OK, I'll tell you what worked for us. I used BW early on, but then got away from it when she was about 3 months old or so, and had a wretched time with nursing to sleep, etc.
You're right that one of the first things to start is breaking the feeding-to-sleep association. I used a lot of techniques from No-Cry Sleep solution for that. There's a great link under nightwakings called the Gentle Removal Plan. Try to tackle all feeds at one if you can so you're teaching her a new association consistently. For every feed, try to nurse sometime during awake time and as far from sleep time as you can. I would do it RIGHT when she woke from her nap and was still partly asleep in the dark room. If she starts falling asleep as she's eating, try to keep her awake to get a full feed by breaking the latch if she gets too drowsy. Then have some awake time and find another method to get her to sleep.

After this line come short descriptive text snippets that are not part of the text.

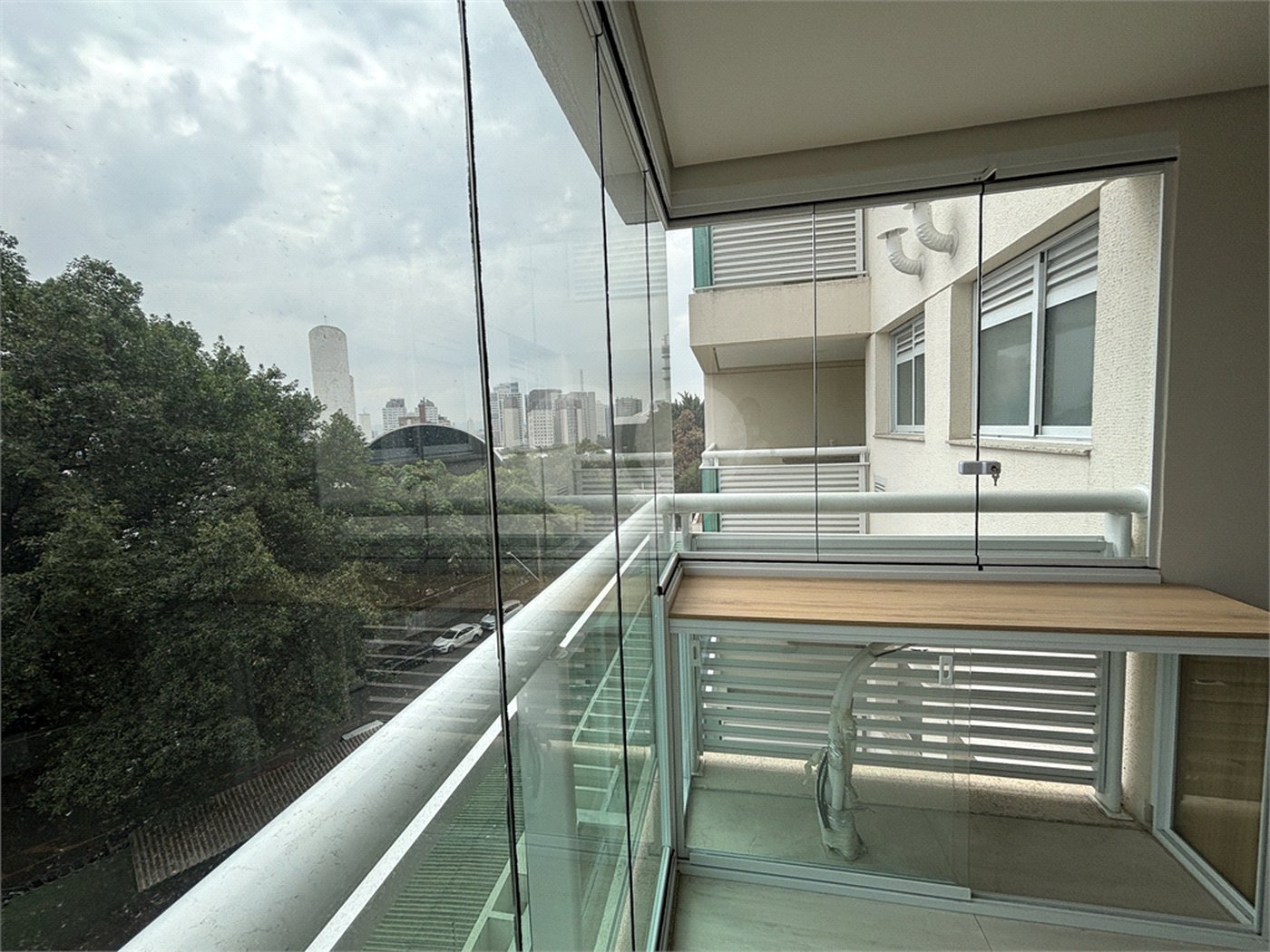 Apartamento à venda ou para alugar com 2 quartos, sendo 1 suíte, em Barra Funda, São Paulo, SP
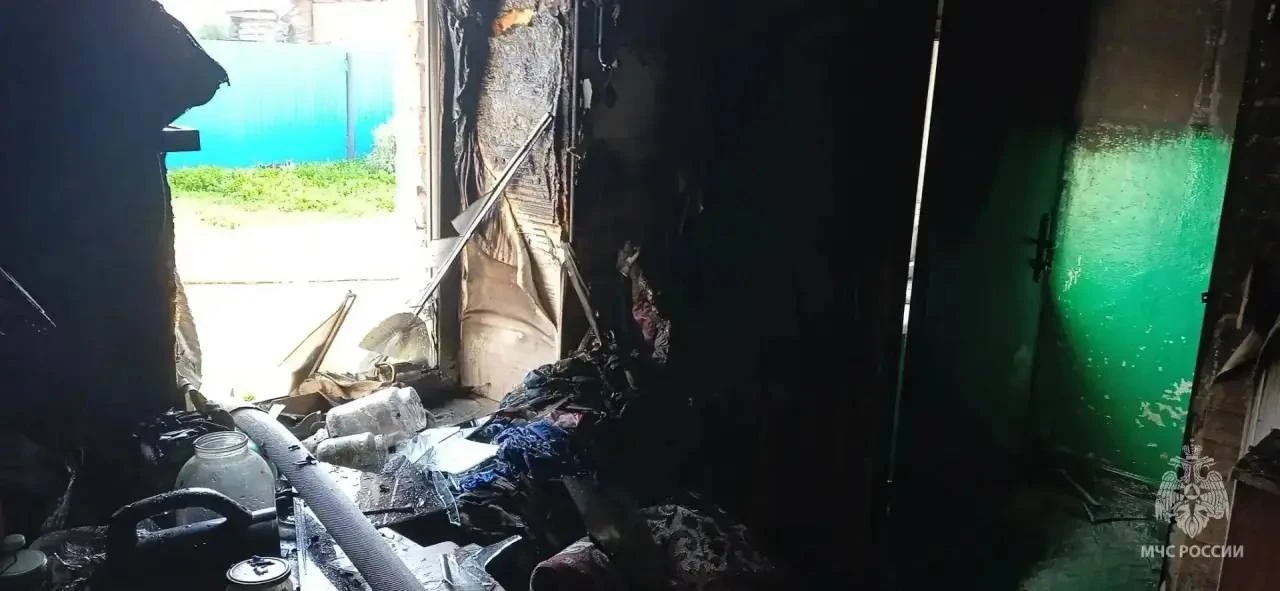 🔥 Пожар в Раевском унёс жизнь 43-летнего мужчины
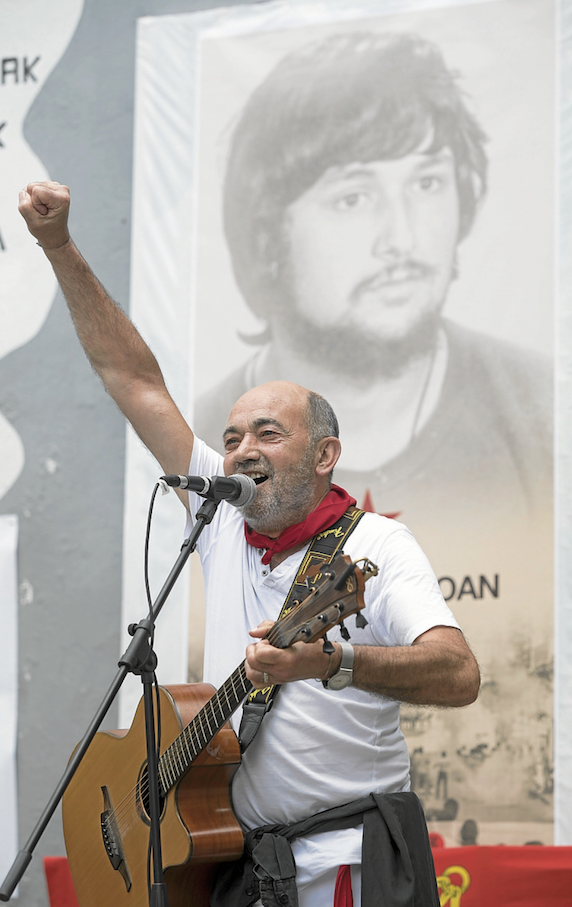Con el puño en alto, en el homenaje a Joseba Barandiaran. Jon Urbe | FOKU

If you want to use pu/pd, make sure you read that section in the book first so that you'll be consistent about it. I opted for rocking and bouncing to sleep - not sure if I'd really recommend it though! :roll: It'll be hard at first - try to get dh or someone else involved to spell you if you can. Whatever you choose to do, the idea is to gradually get your baby to be put down slightly awake. (I found it easier to do at bedtime, actually). We actually had to keep leaving the room at bedtime. We'd put her down drowsy, pat her and leave, then if she cried more that a settling-cry, we'd go back in. I found if we stayed there, she'd keep crying longer. You'll have to see what works for you and your lo.
Then, for nightwakings, if that's a problem, decide what you want to do ahead of time (it's so tempting to change your mind back to nursing to sleep at 2 am!!) and try to stick to it.
Bottom line is: be consistent. Your baby has to know what to expect from you. There will be crying - less if you do it more gradually (although this can take months), but that's her way of expressing herself. As long as you're there to comfort her, you're not letting her CIO, and you're reassuring her that she's ok and you're just trying to help.
I'm certainly no expert on this whole sleeping thing, but I had a lot of trouble and it's much better now (if that's any indication!), so let me know if I can help more!